→ **Exercise description**
Without the pictures, restate all of the data below word for word.

=== Begin Enclosure ===

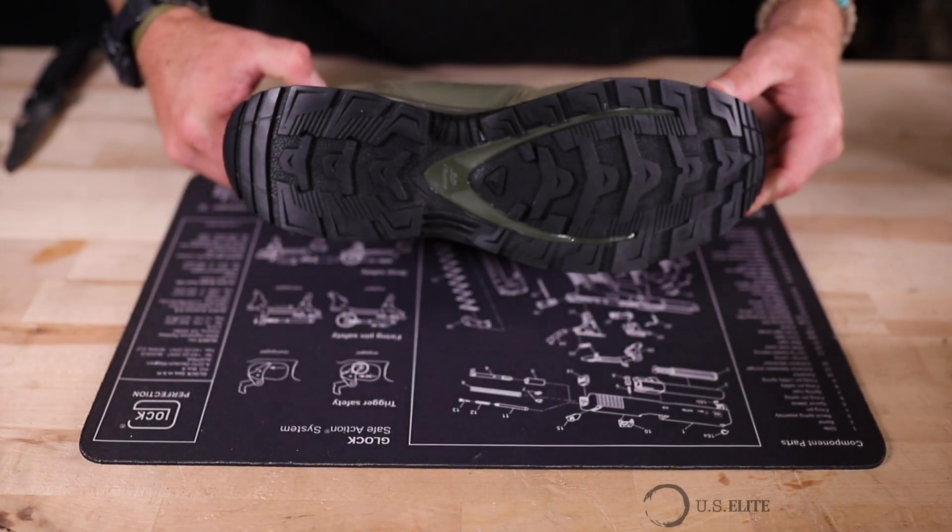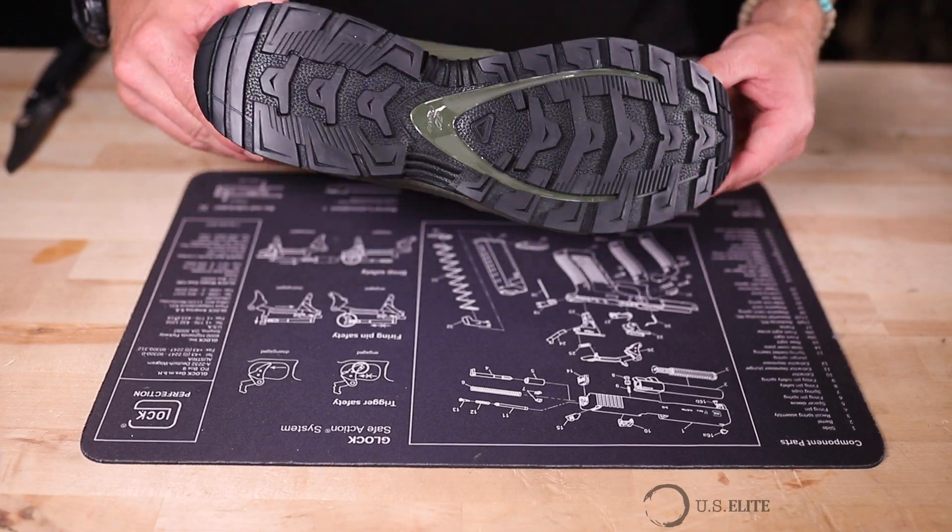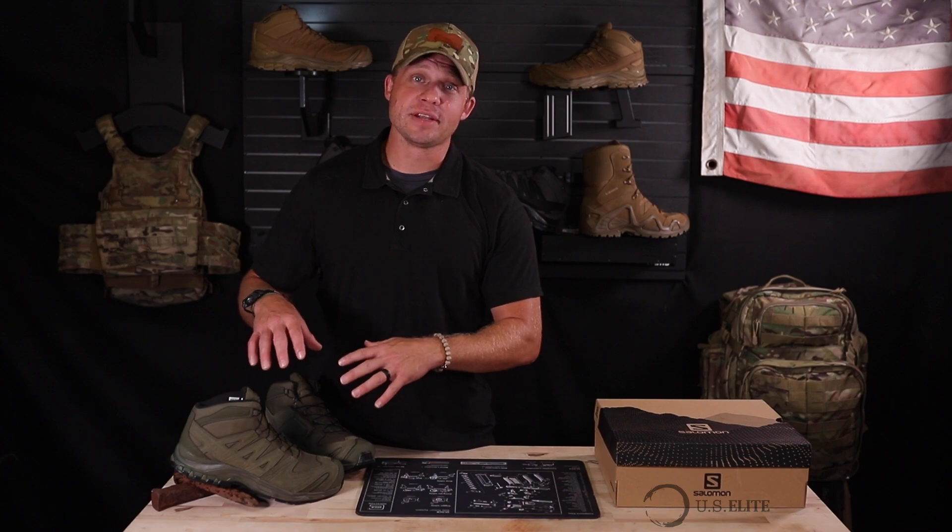Finally, these boots are TAA compliant as well. Again, another big value add to the end user. Overall, these boots are pretty great. They're built on a proven system. They've got some nice added bonuses and features for end users who need these specific kind of requirements, and they're pretty affordable when you consider everything that goes into these boots.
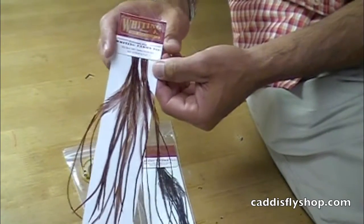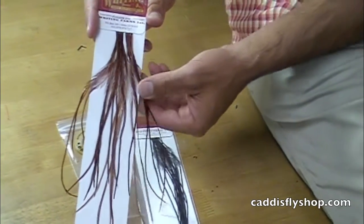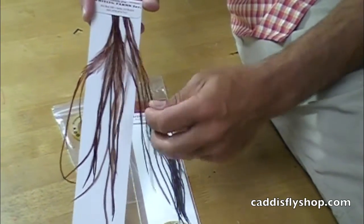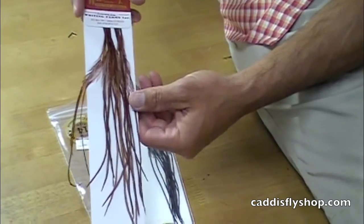100 packs. These are long skinny saddle hackle feathers named 100 packs because they will tie 100 flies. This is a brown — it has great barbule density, stiffness, and they range from about 9 to 11 inches.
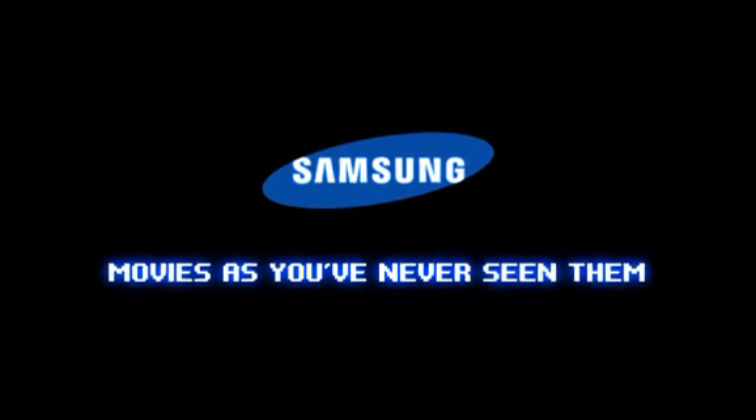Experience Samsung Blu-ray. Movies as you've never seen them.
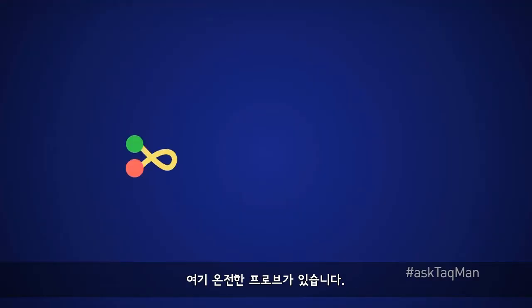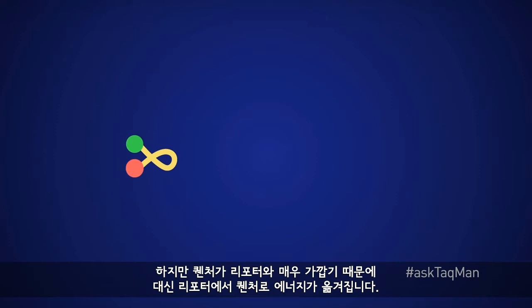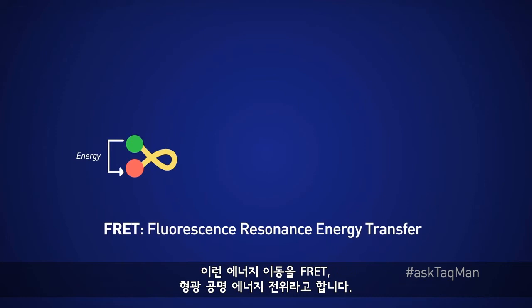Here, we're looking at an intact probe, with the reporter in green and the quencher in red. Normally, when we zap the probe with light, we expect the reporter to get excited and fluoresce. But because the quencher is in close proximity to the reporter, instead what happens is the energy gets transferred from reporter to quencher. This phenomenon is known as FRET, or Fluorescent Resonance Energy Transfer.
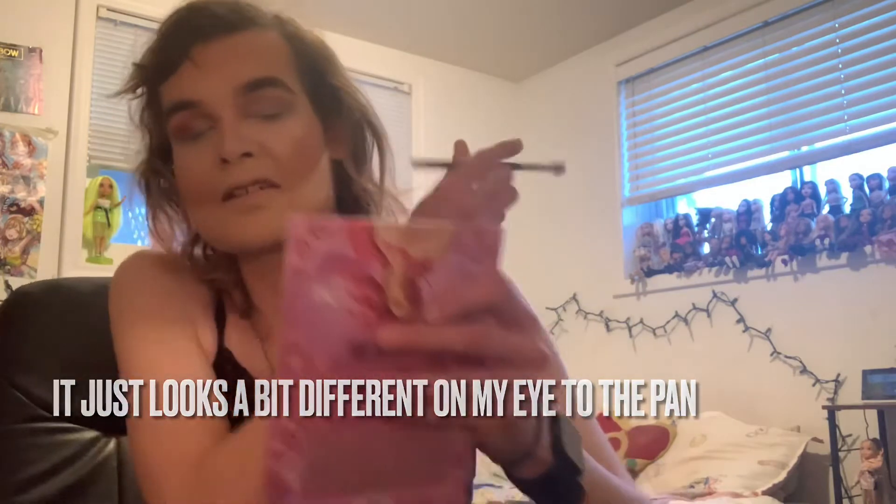Ecstasy might be a little too dark — it looks like a little dark brown. Whoa, that is... that is not the same shade. I thought my light died for a second there. That's why I thought Bliss was going to be more of a dark brown, and not like a medium brown — not like this pink shade.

=== End Enclosure ===

→ **Your solution**
Finally, these boots are TAA compliant as well. Again, another big value add to the end user. Overall, these boots are pretty great. They're built on a proven system. They've got some nice added bonuses and features for end users who need these specific kind of requirements, and they're pretty affordable when you consider everything that goes into these boots.
100 packs. These are long skinny saddle hackle feathers named 100 packs because they will tie 100 flies. This is a brown — it has great barbule density, stiffness, and they range from about 9 to 11 inches.
Experience Samsung Blu-ray. Movies as you've never seen them.
Here, we're looking at an intact probe, with the reporter in green and the quencher in red. Normally, when we zap the probe with light, we expect the reporter to get excited and fluoresce. But because the quencher is in close proximity to the reporter, instead what happens is the energy gets transferred from reporter to quencher. This phenomenon is known as FRET, or Fluorescent Resonance Energy Transfer.
Ecstasy might be a little too dark — it looks like a little dark brown. Whoa, that is... that is not the same shade. I thought my light died for a second there. That's why I thought Bliss was going to be more of a dark brown, and not like a medium brown — not like this pink shade.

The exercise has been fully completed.